**Collected material**.

○ ○ ○ ○ ○

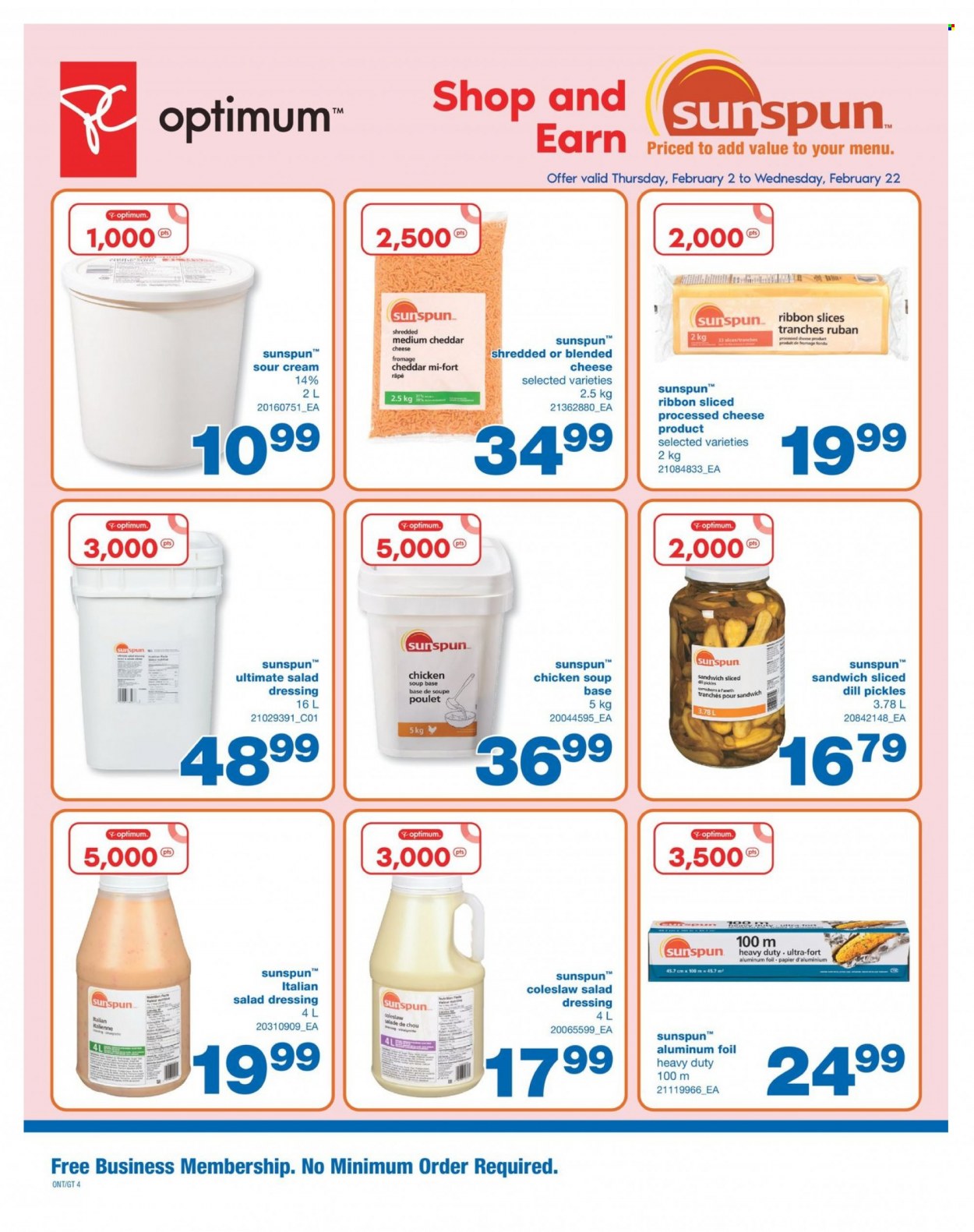 thumbnail - Wholesale Club Flyer - February 02, 2023 - February 22, 2023 - Sales products - coleslaw, chicken soup, sandwich, soup, cheddar, sour cream, pickles, dill, salad dressing, dressing, aluminium foil. Page 4.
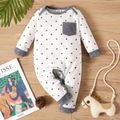 Baby Boy All Over Striped/Star Print Long-sleeve Jumpsuit White image 1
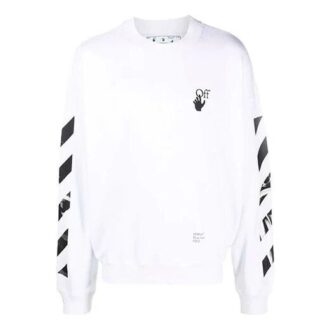 Pull à col rond ample Off-White pour homme FW21 avec logo Arrows imprimé, blanc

○ ○ ○ ○ ○

**Aim of the exercise**. In the copy, keep every line of the data above exactly and drop each picture.

**Reply to the task**.
 thumbnail - Wholesale Club Flyer - February 02, 2023 - February 22, 2023 - Sales products - coleslaw, chicken soup, sandwich, soup, cheddar, sour cream, pickles, dill, salad dressing, dressing, aluminium foil. Page 4.
 Baby Boy All Over Striped/Star Print Long-sleeve Jumpsuit White image 1
 Pull à col rond ample Off-White pour homme FW21 avec logo Arrows imprimé, blanc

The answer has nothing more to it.